Mike Boutros, owner of Chinatown, East Side Pockets, Mike’s Calzones and Mighty Mike’s Pizza, has also needed to increase prices on some food items, causing some customers to attempt to bargain for lower prices at the register. Others have stopped coming altogether, he wrote in a message to The Herald.

In order to “protect the customer experience and keep consistent with our pricing,” Rehman has made changes to business operations rather than raising food prices. Because orders were coming in less frequently later at night, Tribos Peri Peri now closes at 10 p.m. instead of the store’s usual midnight.

Additionally, Rehman has stopped ordering some produce from Sysco, his usual vendor, and started shopping at ordinary supermarkets for ingredients. “They're still very expensive,” he said, “but supermarkets were actually cheaper than getting it from the vendors directly.”

Both Albuquerque and Rehman worry about continued inflation and its effects on their businesses and customer bases. “Although my (sales) volume is going up, the costs are going up, so actually, the (profit) margin is going down,” Albuquerque said.

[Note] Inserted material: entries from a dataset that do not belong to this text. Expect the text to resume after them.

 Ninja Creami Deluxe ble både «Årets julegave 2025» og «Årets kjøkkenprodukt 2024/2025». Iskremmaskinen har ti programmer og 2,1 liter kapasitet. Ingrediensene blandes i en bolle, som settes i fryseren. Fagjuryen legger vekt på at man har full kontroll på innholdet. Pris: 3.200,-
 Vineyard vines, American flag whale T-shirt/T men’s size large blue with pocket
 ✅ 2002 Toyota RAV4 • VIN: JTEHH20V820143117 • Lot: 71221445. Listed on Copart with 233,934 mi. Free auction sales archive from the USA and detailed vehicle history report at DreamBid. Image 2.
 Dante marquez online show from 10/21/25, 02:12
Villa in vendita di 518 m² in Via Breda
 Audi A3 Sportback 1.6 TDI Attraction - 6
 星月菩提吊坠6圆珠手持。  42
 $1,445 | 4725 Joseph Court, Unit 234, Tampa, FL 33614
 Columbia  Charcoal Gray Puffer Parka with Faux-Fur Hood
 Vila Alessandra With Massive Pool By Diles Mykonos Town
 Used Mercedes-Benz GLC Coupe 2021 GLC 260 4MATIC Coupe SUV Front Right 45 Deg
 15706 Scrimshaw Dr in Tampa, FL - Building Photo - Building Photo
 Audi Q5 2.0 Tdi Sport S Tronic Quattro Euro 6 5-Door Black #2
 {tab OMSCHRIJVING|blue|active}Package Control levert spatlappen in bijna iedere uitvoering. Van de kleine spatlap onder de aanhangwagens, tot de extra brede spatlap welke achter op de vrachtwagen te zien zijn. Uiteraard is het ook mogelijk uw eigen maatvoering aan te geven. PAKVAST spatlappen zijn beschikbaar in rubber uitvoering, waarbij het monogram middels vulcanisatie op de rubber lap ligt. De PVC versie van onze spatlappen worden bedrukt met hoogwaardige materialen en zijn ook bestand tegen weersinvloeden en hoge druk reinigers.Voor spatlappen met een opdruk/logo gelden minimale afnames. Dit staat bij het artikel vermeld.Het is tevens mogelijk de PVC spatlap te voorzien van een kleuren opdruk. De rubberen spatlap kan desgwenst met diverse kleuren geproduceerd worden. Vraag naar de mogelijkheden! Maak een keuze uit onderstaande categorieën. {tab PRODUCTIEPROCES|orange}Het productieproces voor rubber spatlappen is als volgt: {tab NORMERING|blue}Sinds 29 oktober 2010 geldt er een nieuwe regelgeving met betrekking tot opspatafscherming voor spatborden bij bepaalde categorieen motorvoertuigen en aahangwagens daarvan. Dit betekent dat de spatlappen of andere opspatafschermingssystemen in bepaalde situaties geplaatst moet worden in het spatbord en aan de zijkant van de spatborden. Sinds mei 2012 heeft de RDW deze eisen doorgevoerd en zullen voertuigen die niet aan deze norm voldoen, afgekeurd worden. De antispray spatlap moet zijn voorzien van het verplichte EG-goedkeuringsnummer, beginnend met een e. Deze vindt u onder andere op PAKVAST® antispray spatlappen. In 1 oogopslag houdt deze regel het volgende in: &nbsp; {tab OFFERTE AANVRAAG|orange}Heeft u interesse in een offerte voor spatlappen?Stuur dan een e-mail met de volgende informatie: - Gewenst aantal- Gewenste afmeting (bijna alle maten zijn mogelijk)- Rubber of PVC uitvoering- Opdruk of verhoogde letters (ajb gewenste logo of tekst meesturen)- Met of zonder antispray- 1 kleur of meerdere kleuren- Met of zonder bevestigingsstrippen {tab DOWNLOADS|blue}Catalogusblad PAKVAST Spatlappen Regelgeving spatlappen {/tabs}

Staffing has also been a challenge for Tribos Peri Peri, Rehman said, and the store’s hours and frequent staff turnover have made it difficult to find and keep “the right staff.”

La Creperie has had a consistent staff throughout the last six months, which Albuquerque feels lucky to have maintained. Boutros’ employees have also been more consistent since the height of the pandemic, he said.

Mighty Mike’s Pizza, which opened last spring, is “still building up (its) community,” Boutros wrote. “I try to be in there as much as I can to speak to customers and meet some of the people trying our new food.”

In addition to the opening of the pizza shop, Boutros has begun a mixed-use development project on Thayer. Though he has faced a few obstacles in the process — parking is limited and construction approval has taken time — Boutros expects to be finished by January of next year.

Beyond challenges with inflation and staffing, smaller businesses like La Creperie are also threatened by the larger, franchised stores moving onto Thayer.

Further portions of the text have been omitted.